Everyone’s a critic

Finalists for the National Book Critics Circle Awards were announced this week. I’m somewhat embarrassed to admit that I’ve only read one of them (Olives, by A.E. Stallings). I notice that all of the books were published relatively early in the year—February, April, May, June (the one outlier is David Ferry, with a pub date of early August). From a statistical perspective, that makes sense: the earlier a book is released, the more time it has to get noticed by reviewers and award panels. (Though I suppose, if you’ve already got a reputation, your book is likely to get noticed right away.) I’m curious to know (but too lazy to find out) whether this phenomenon holds true for earlier years. If so, perhaps poetry publishers would do well to release their books early in the year, or time their releases to take advantage of a lack of competition—much the way the film industry holds certain movies to coincide with the summer blockbuster season or the film festival season. Perhaps some publishers already do so (though I get the sense that poetry presents too small a market to even bother with such considerations). My prediction? Well, Ferry’s book has already received the National Book Award, and considering Ferry’s age, it’s probably the last book he’ll write, so I suspect the auguries are pointing toward him this time around. But my predictions about the future are usually as off-base as my predictions about the past, so don’t bet any money based on my tip.

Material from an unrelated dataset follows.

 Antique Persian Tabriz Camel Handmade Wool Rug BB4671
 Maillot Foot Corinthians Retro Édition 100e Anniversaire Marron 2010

Also, a quick thumbs-up for the latest issue of Hampden-Sydney Poetry Review. A solid collection all around. Many of the middle poems share a wonderful ebullience, a penchant for echolalia, the is collectively invigorating. I was particularly taken with the work of Hannah Faith Notess, previously unknown to me. Her language and images evoke Richard Hugo, with his keen sense of dispair in dissolution (perhaps not surprising—she apparently lives in Seattle). Consider, for example, these lines from “To the Church Across the Bridge Who is Claiming the City for God”:

The barges dredge and dredge, but turn up
nothing, and the drawbridge gapes open

like the gulf between Man and God, but nobody
is waiting to cross over…

I adore the deadpan, epigrammatic line later in this poem: “It hurts to watch the world split down the middle.” Or this line from “To the Body Carried Out of the Apartment Across the Street”: “The crocuses next to the dumpster are opening / their fat purple mouths.” An intense image of Nature at its most uncaring. The cruelty is accentuated by the turn: the line that ends on “opening” is potentially a positive image of renewal, but quickly remakes itself into an image of greed and bloat and selfishness.

And it’s always refreshing to read work by a poet who still holds down a day job. From great adversity springs great art.